Red Hat Bugzilla – Bug 659480
UV: WAR for interrupt-IOPort deadlock
Last modified: 2011-05-19 08:04:24 EDT
Created attachment 464378 [details] Tested patch Description of problem: Problem originally noticed when 'hwclock --systohc' halted a running system. Version-Release number of selected component (if applicable): kernel-2.6.32-71 How reproducible: Easily, but not 100%. Steps to Reproduce: 1. boot system on UV hardware 2. hwclock --systohc ## ususally sufficient 3. hwclock On one system also had to do the following before running it: echo 4 >/proc/irq/8/smp_affinity then run hwclock. Actual results: System halts with CATERR. Expected results: System continues to run. Additional info: The attached patch has been tested inside SGI on multiple systems. PV# 1012363
Went ahead and posted as this was seen at a customer site.
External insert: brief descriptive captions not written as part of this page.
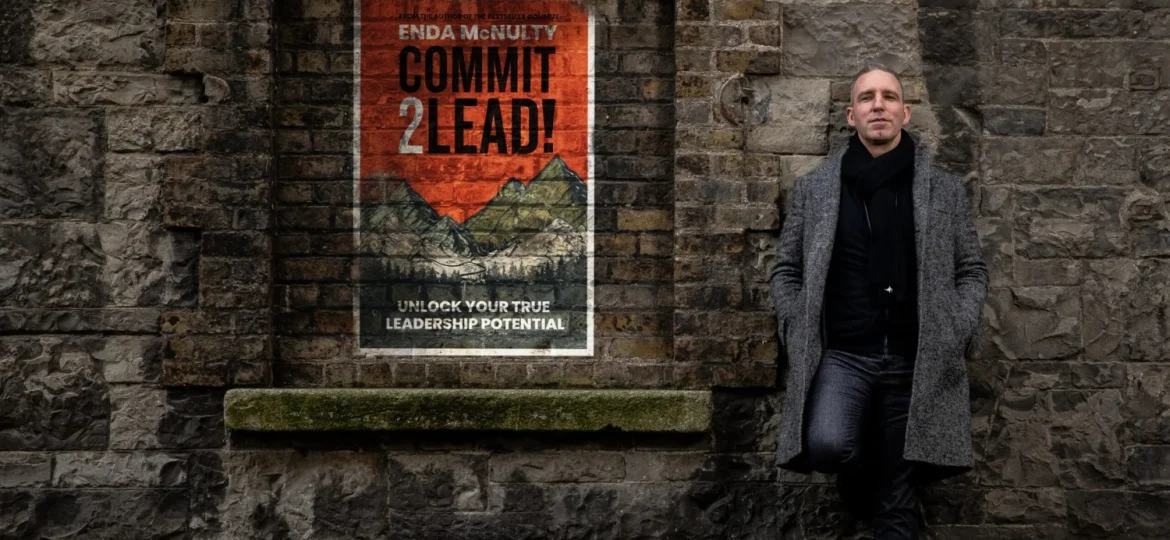 Professional by 'Commit 2 Lead' poster, symbolising McNulty's team performance coaching.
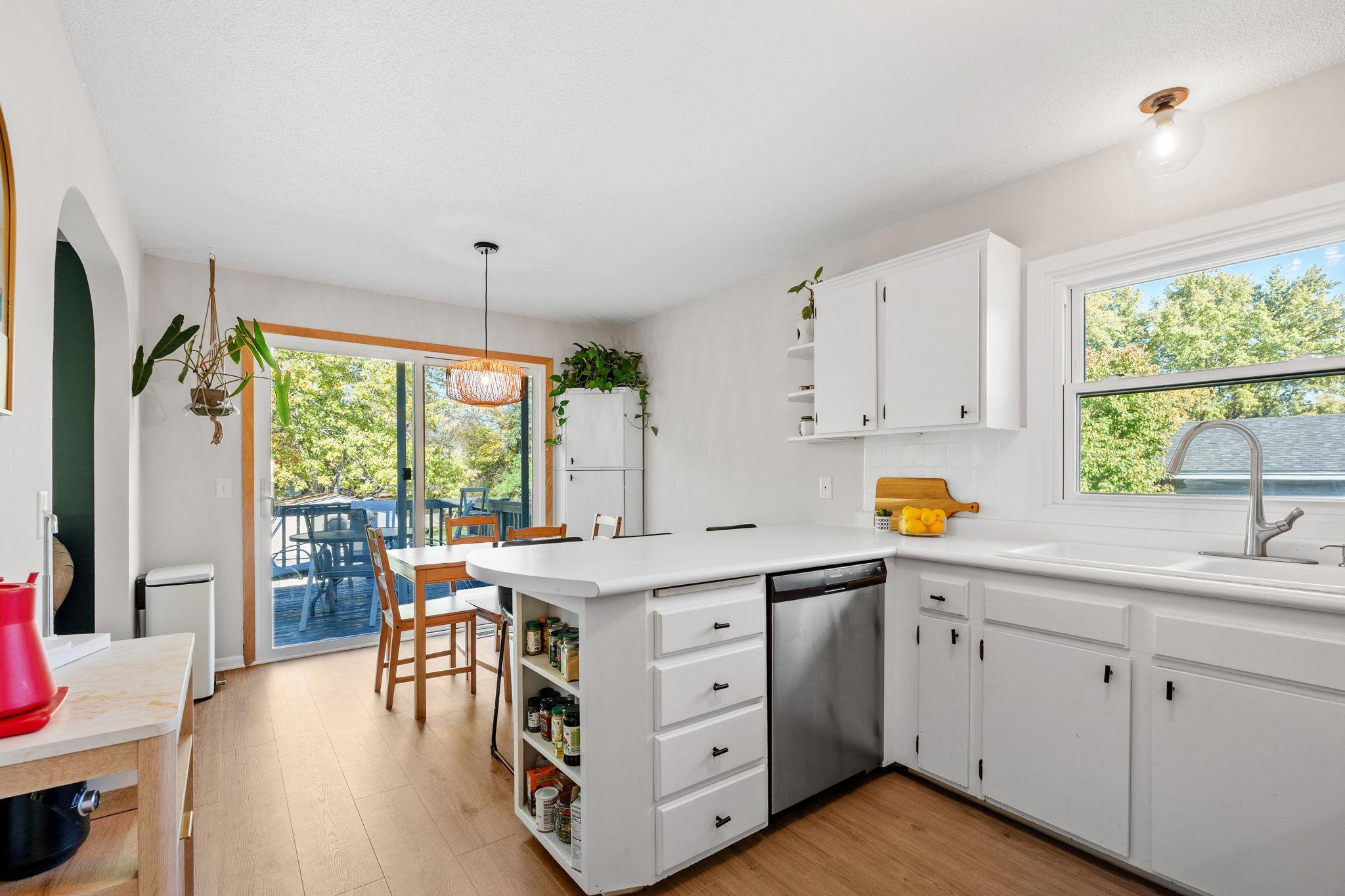 Built-in custom corner cabinet offers ample storage and a charming focal point.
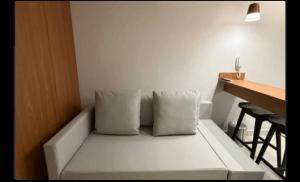 a white couch with two pillows sitting next to a table at Beach resort Salinas in Salinópolis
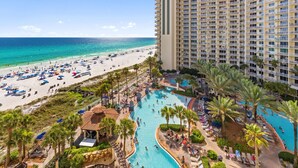 A hotel with a pool, beach, and ocean view. - Ocean view condo w/ pool and hot tub (Panama City Beach)
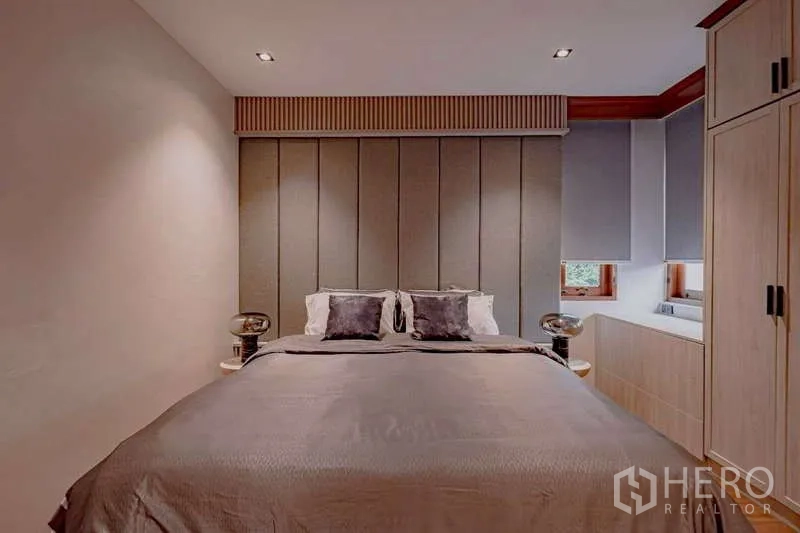 บ้าน ให้เช่าหรือขายในPhra Khanong, Bangkok - ห้องนอนแขกอบอุ่น หัวเตียงบุผ้า โต๊ะข้าง และตู้บิวท์อิน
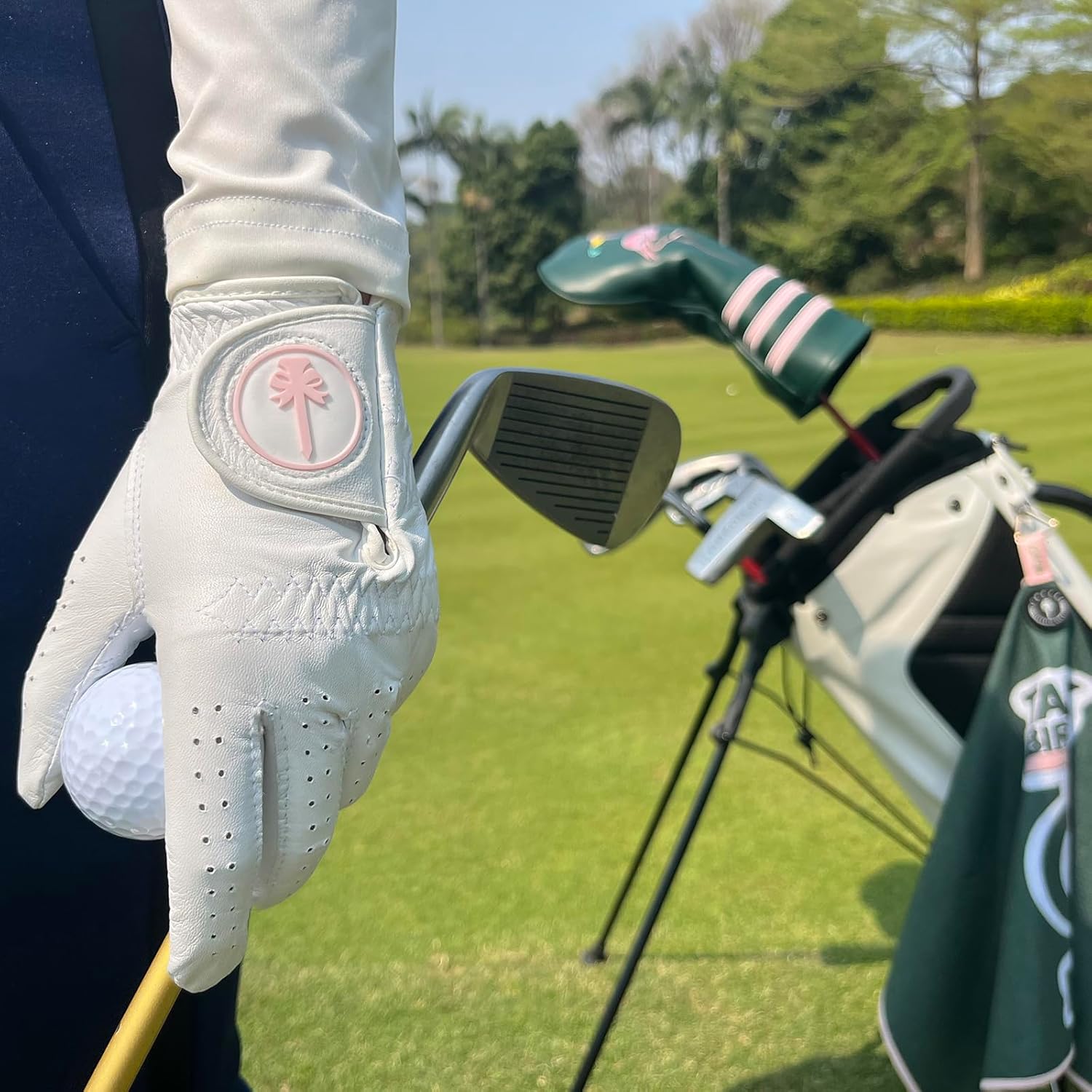 Women's cabretta sheepskin golf glove on course holding club with pink ball marker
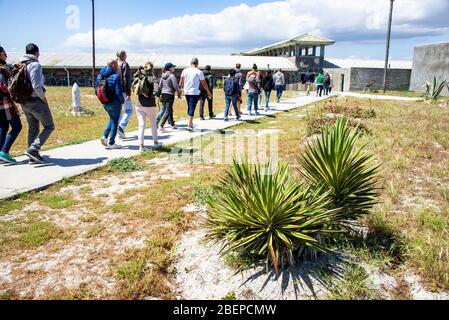 Tourists file across a courtyard in the prison. They are on a tour led by a guide who is a former political prisoner on the island. Stock Photo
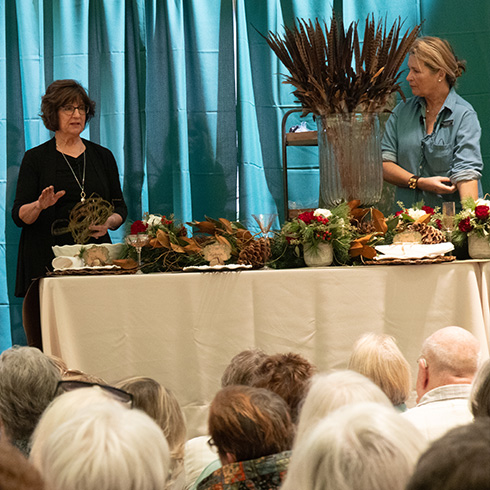 Florists leading a presentation on tablescaping for holiday dinners with large display in front of audience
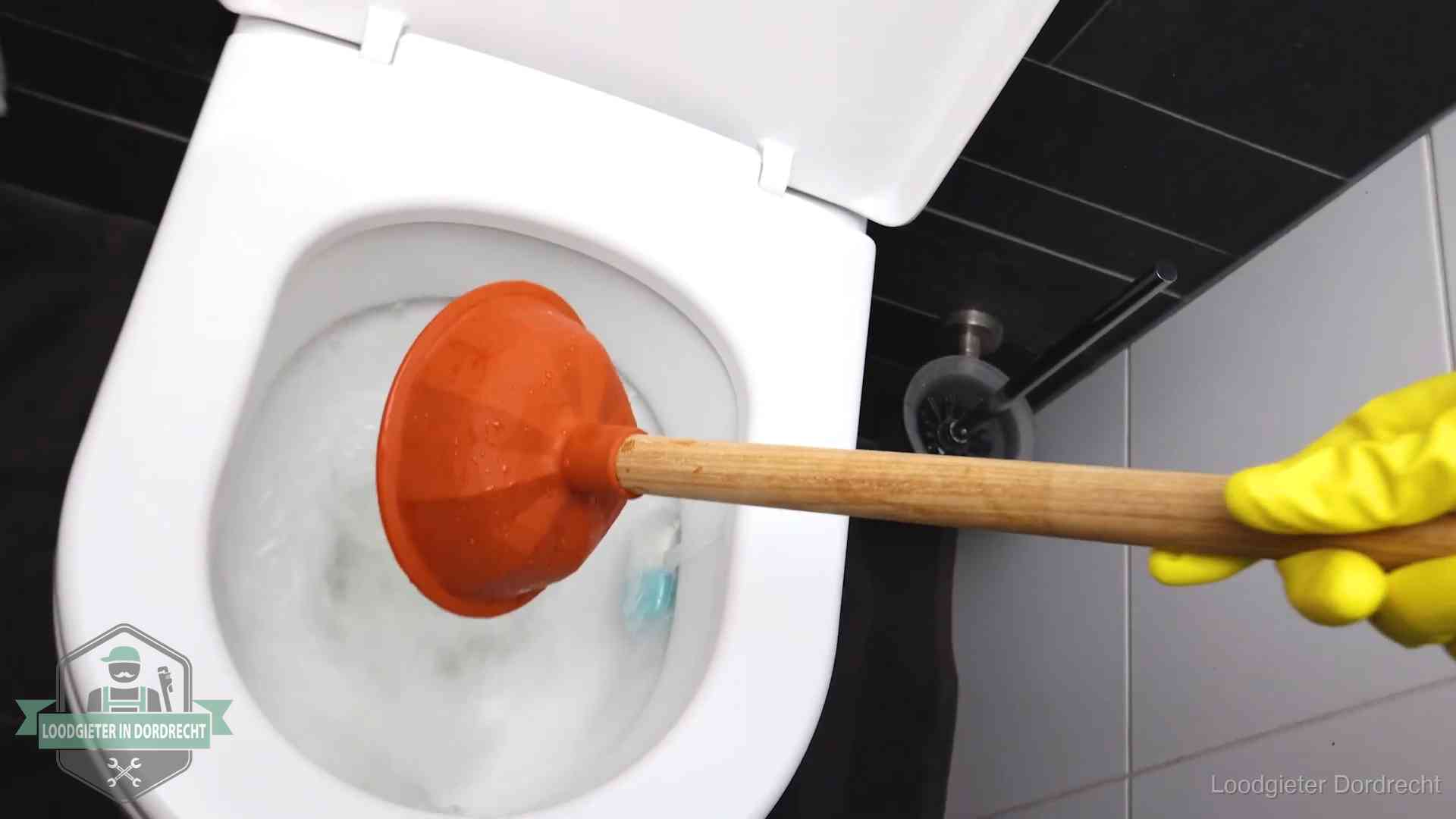 Wc ontstoppen met de plopper in Dordrecht Plopper wordt in de wc-pot gedrukt bij het ontstoppen van een toilet in Dordrecht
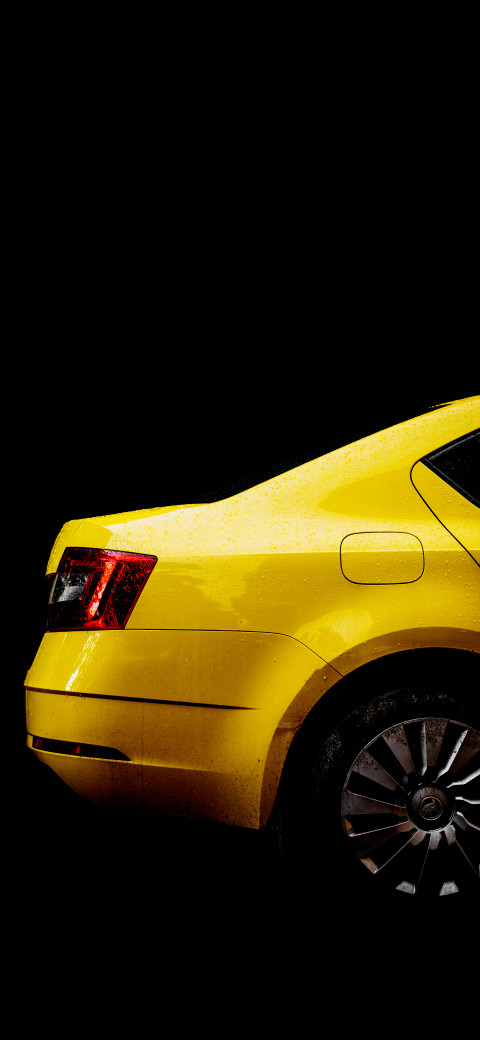 yellow car with black background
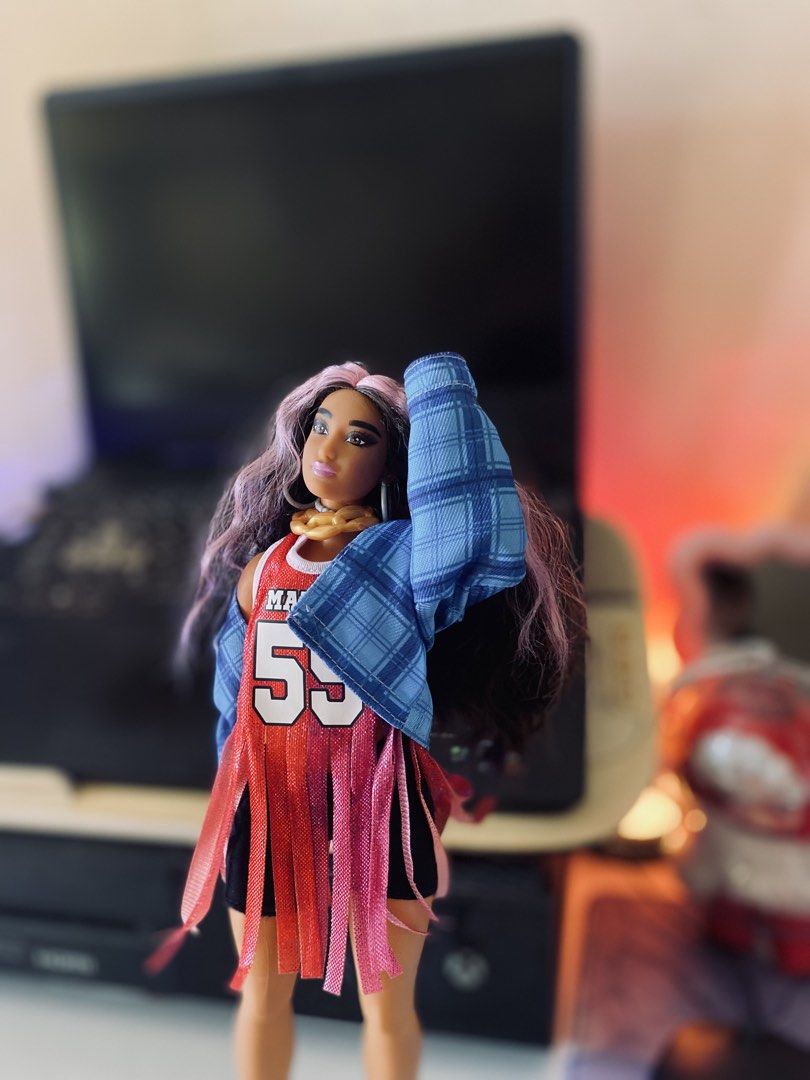 Barbie Extra #13 (Category: Kids Toys) located in Quezon City. Submitted by micah0920 (Listing ID 1440722972, Image 2). Description: - Barbie doll in sporty Malibu 59 outfit - Long, wavy purple-streaked hair - Gold chain necklace - Fringed top - Blue plaid jacket - Yellow heels - Ideal for collectors and play.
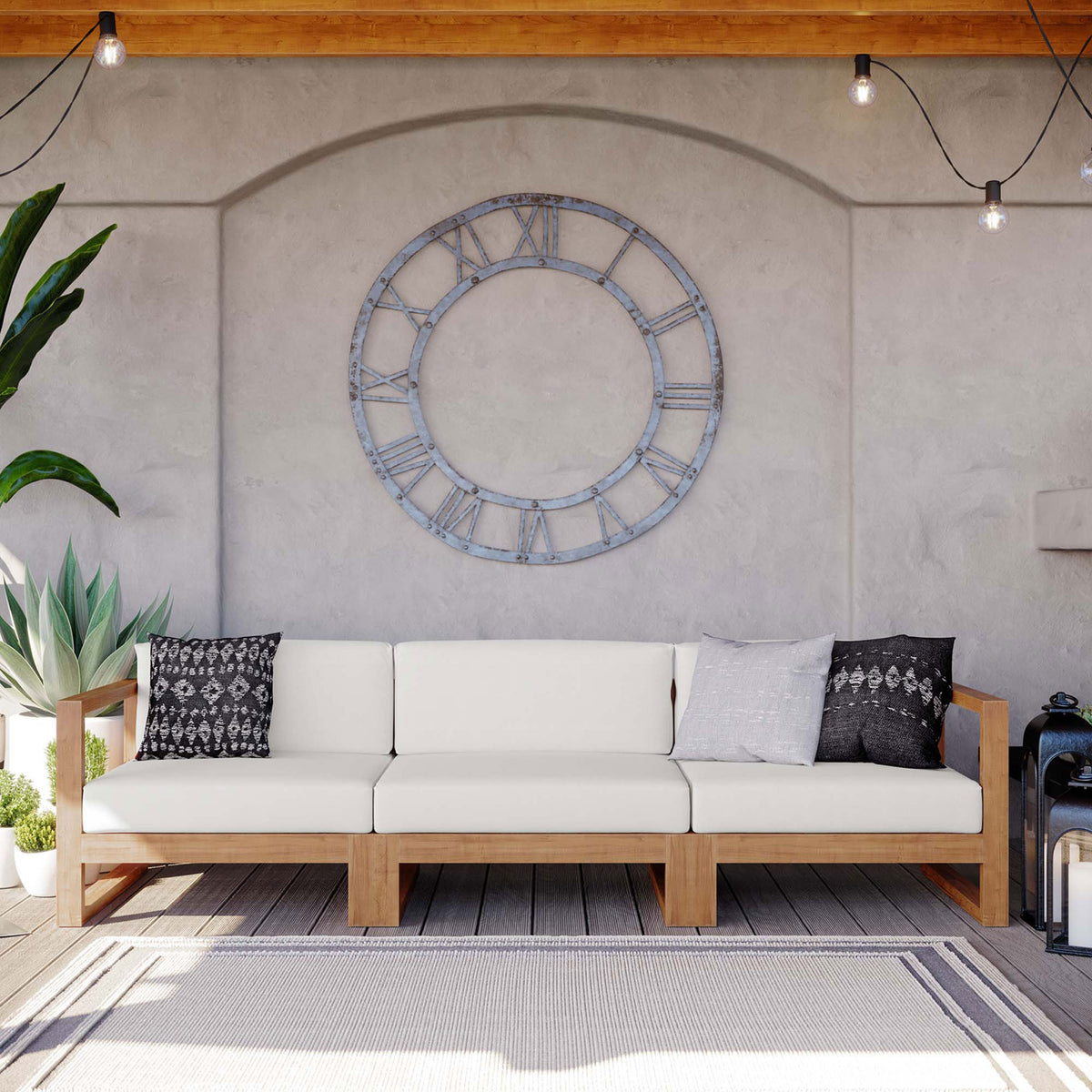 Three piece teak outdoor sectional styled with accent pillows on a covered patio || EEI-4254-NAT-WHI-SET || front_room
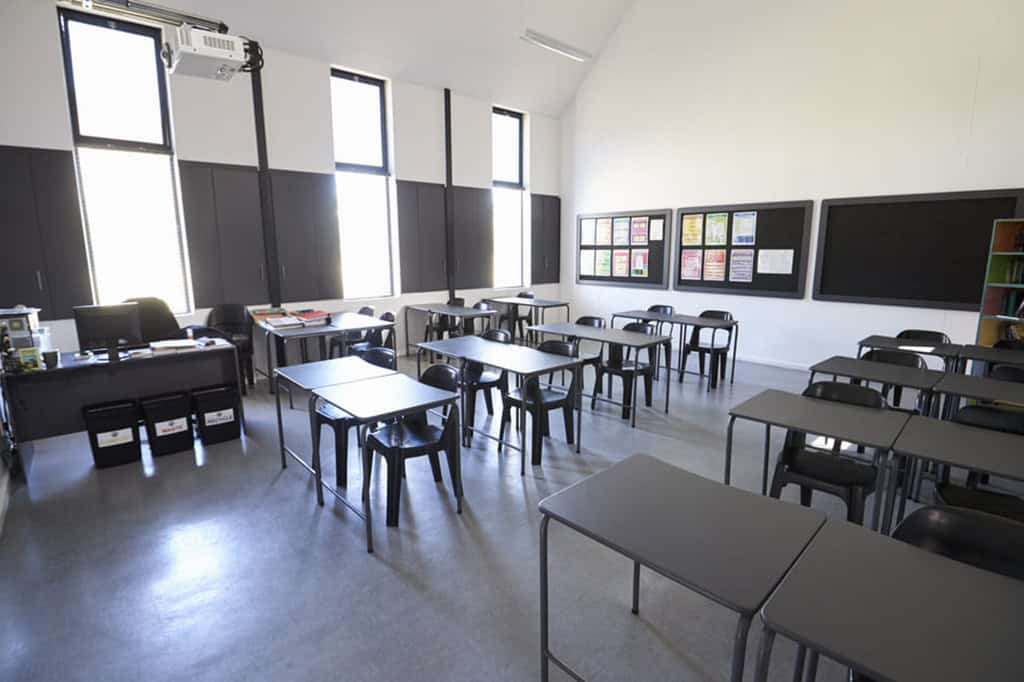 窓から光が差し込む、誰もいない学校の教室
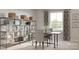 Bright home office with a desk, modern shelving and decor, and natural light from the large window at 10116 Florentine Way, Charlotte, NC 28214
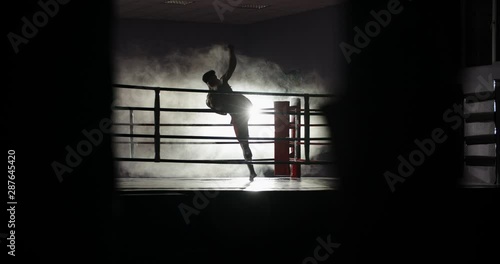Dedicated athlete doing a shadow fight on boxing ring, practicing muay thai martial art, preparing for a fight - sports, martial arts concept 4k footage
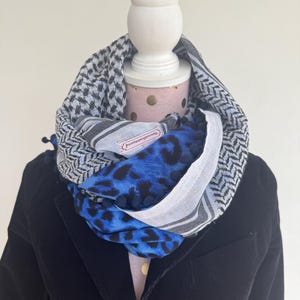 Könnte beinhalten: Ein schwarz-weiß-blauer gemusterter Schal mit einem blauen Leopardenmuster. Der Schal ist um einen weißen Mannequin-Kopf gebunden. Der Schal hat ein kleines Etikett mit der Aufschrift "AccessoriesbyJenny".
Reposted per Don's and Aristeu's request. George
Patch(es) available on kernel-2.6.32-92.el6
This has been tested on both UV100 and a very large UV1000 system inside SGI; the problem is solved :). George
Technical note added. If any revisions are required, please edit the "Technical Notes" field accordingly. All revisions will be proofread by the Engineering Content Services team. New Contents: Prior to this update, running the hwclock --systohc command could halt a running system. This was due to the interrupt transactions being looped back from a local IOH (Input/Output Hub), through the IOH to a local CPU (erroneously), which caused a conflict with I/O port operations and other transactions. With this update, the conflicts are avoided and the system continues to run after executing the hwclock --systohc command.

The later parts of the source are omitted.